As an airframe designer I spend my time at work calculating fatigue lives so these questions are rather outside my field, but something I’m interested in.

I have watched 747-400 cockpit videos showing engine start procedures and I’d like to understand the reasons for selecting the No.4 hydraulic system ac driven AUX pump prior to pushback.

At pushback the APU would be running which provides air and ac power. The normal brakes and parking brake require hydraulic pressure on SYS 4, so I can see why it is essential for pressure to be maintained on that system for pushback, engine start and taxi. My question is why is the AUX pump selected in preference to the air driven demand pump, which presumably could keep SYS 4 pressurised during this time? Maybe it is because the duct air pressure is not reliable during engine start? Does the duct pressure vary during start and does the order of engine starting come into this?
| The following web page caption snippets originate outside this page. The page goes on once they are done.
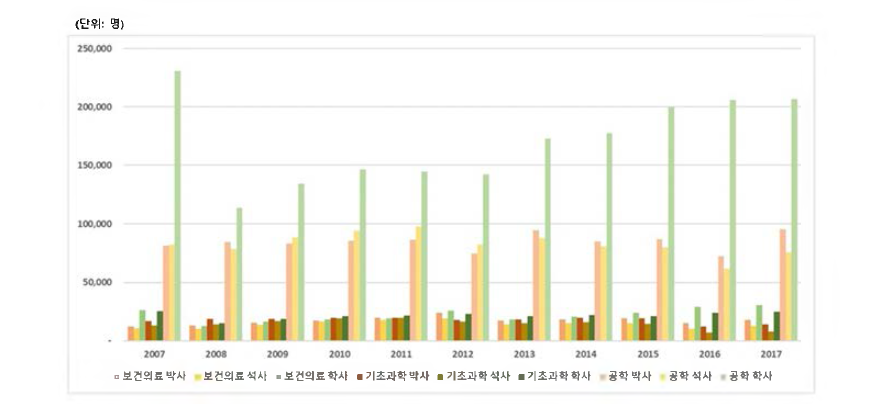 그룹 및 학위별 참여연구원 수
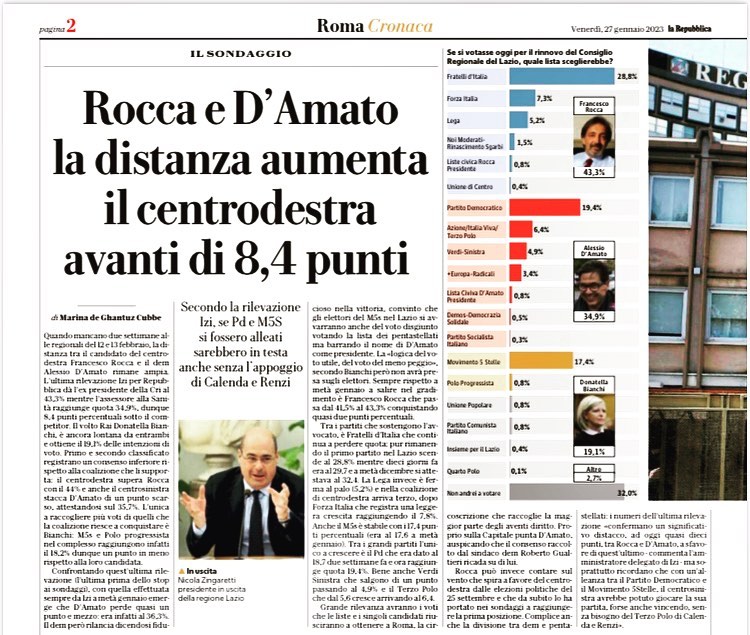 IMarketresearch's tweet photo. Oggi @rep_roma il terzo sondaggio #regionelazio

8,4 punti di distacco tra Francesco Rocca, in vantaggio, e Alessio D’Amato. 
Calo nei consensi per #FdI, che passa dal 32,4% al 28,8%; la #Lega è ferma al 5,2%; il #Pd cresce, dal 18,7 al 19,4%
https://t.co/9I9XWqYYp1 https://t.co/vX33AVOZWW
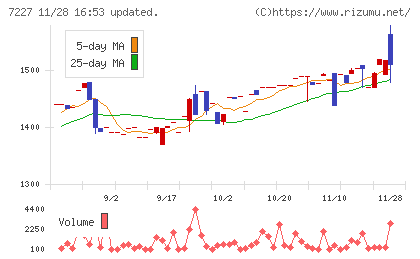 アスカチャート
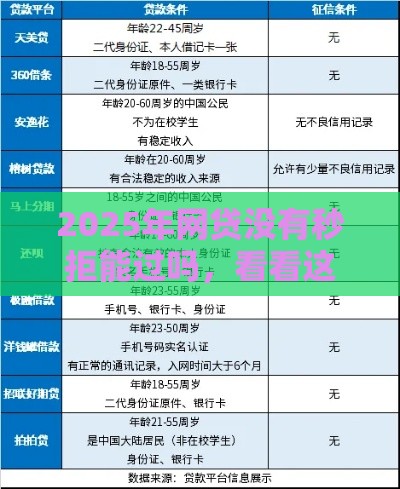 2025年网贷没有秒拒能过吗，看看这5个最新征信没有逾期,查询花了,能贷款的平台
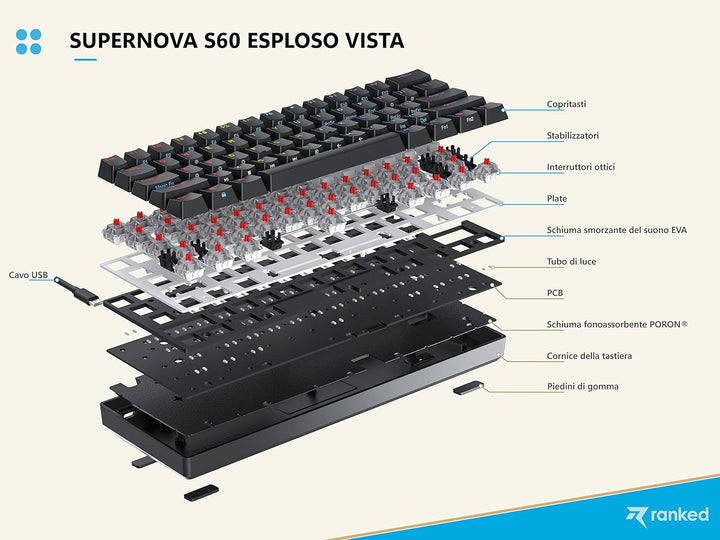 Ranked S60 Supernova Mechanische 60 Prozent Tastatur | Hotswap Gaming Keyboard | 62 Programmierbare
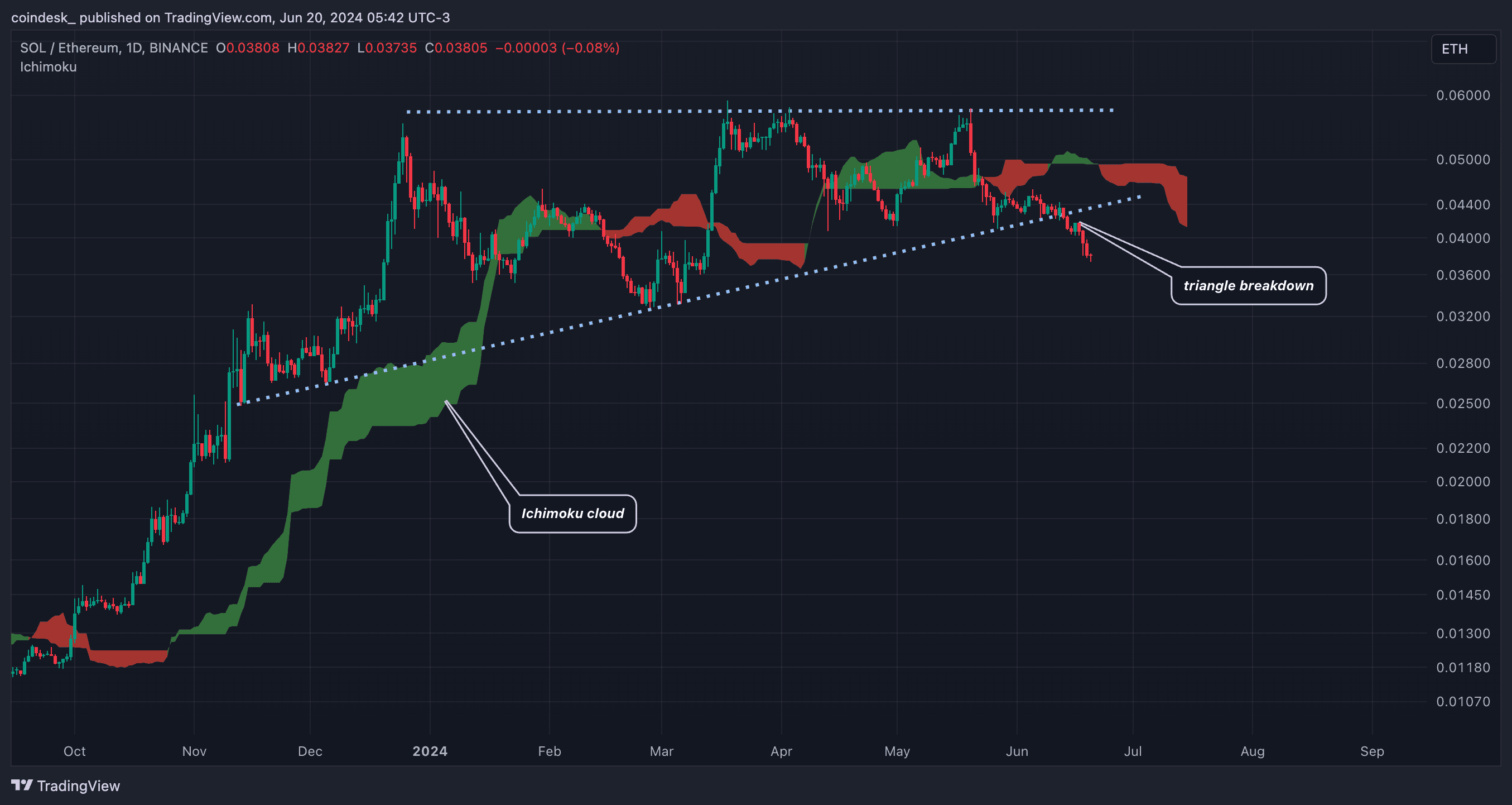 SOL/ETH's daily chart. (TradingView)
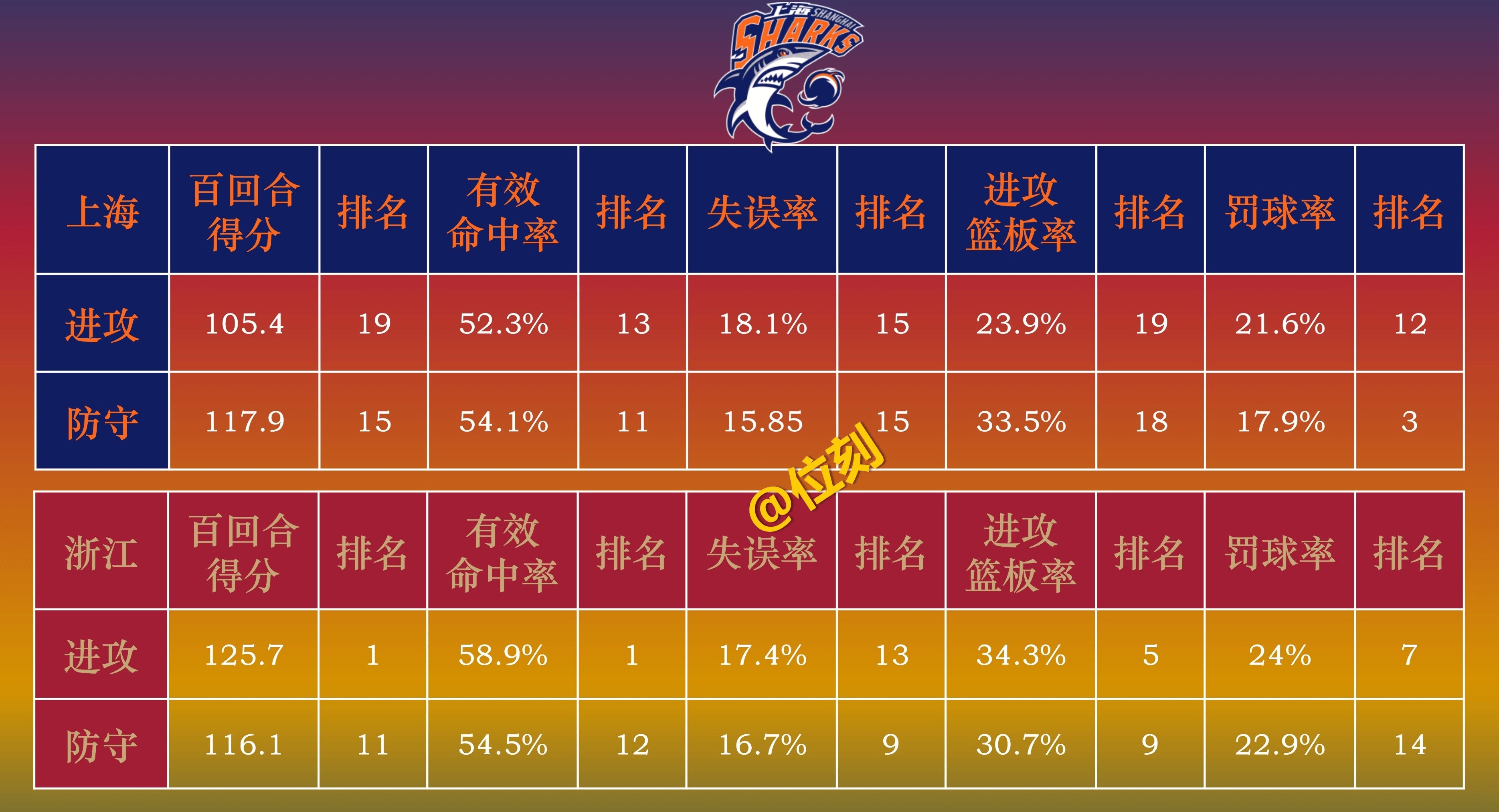 多米全站-包含CBA新赛季常规赛42轮分4个小组广东上海同组的词条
To help my understanding, maybe someone could tell me the rated flow rates of: the engine driven pumps, the ac and air driven demand pumps and the ac driven AUX pump on the 747-400.

I have done some research of my own (previous threads) and carefully read the report of an incident involving loss of brake pressure on an Iberia 747-300 after pushback at Madrid on 14th September 2002. The crew didn’t notice that the AUX pump had tripped out after an aborted start on engine No.4. Would there have been less liklihood of this collision happening had they been in a 747-400?

Many thanks,

Wil.

During engine start you want as much duct pressure as possible to start the engines. Bleeding off air to drive air driven hydraulic pumps is undesirable during this phase. It's probably also overkill when all you need is the smaller output of the electrically driven aux pumps.

CM, thanks for your answer, I was looking at the problem from the wrong direction!

Wil.

The crew didn’t notice that the AUX pump had tripped out after an aborted start on engine No.4. Would there have been less liklihood of this collision happening had they been in a 747-400?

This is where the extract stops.